- Work to complete
No pictures in the copy. Write out the listing below exactly.

- Raw data

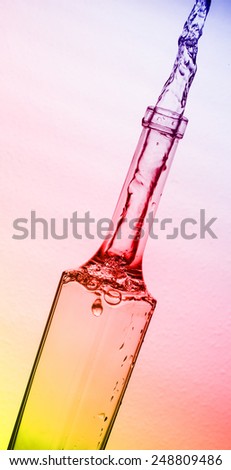 Colorful splashing bottle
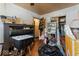 This bedroom has hardwood floors, a dark headboard with lights and storage, and a closet at 3432 Joan Pl, Indianapolis, IN 46226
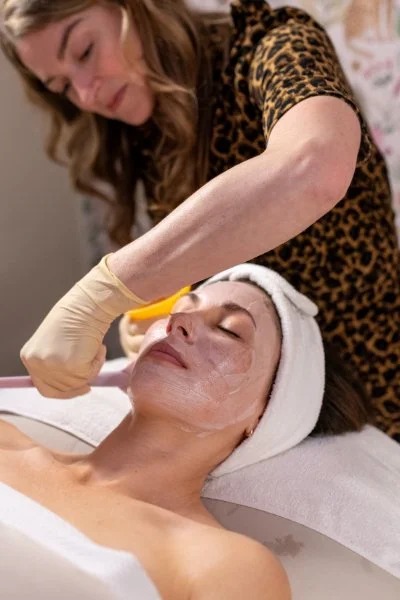 A woman in a leopard-print shirt applies a facial treatment to a woman lying down with a towel wrapped around her head.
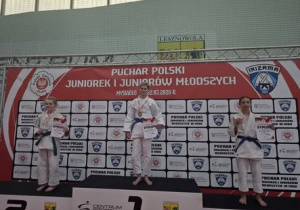 Na zdjęciu znajduje się Ola Zielińska, stojąca na podium, wraz z innymi zawodniczkami.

- Response to the task
 Colorful splashing bottle
 This bedroom has hardwood floors, a dark headboard with lights and storage, and a closet at 3432 Joan Pl, Indianapolis, IN 46226
 A woman in a leopard-print shirt applies a facial treatment to a woman lying down with a towel wrapped around her head.
 Na zdjęciu znajduje się Ola Zielińska, stojąca na podium, wraz z innymi zawodniczkami.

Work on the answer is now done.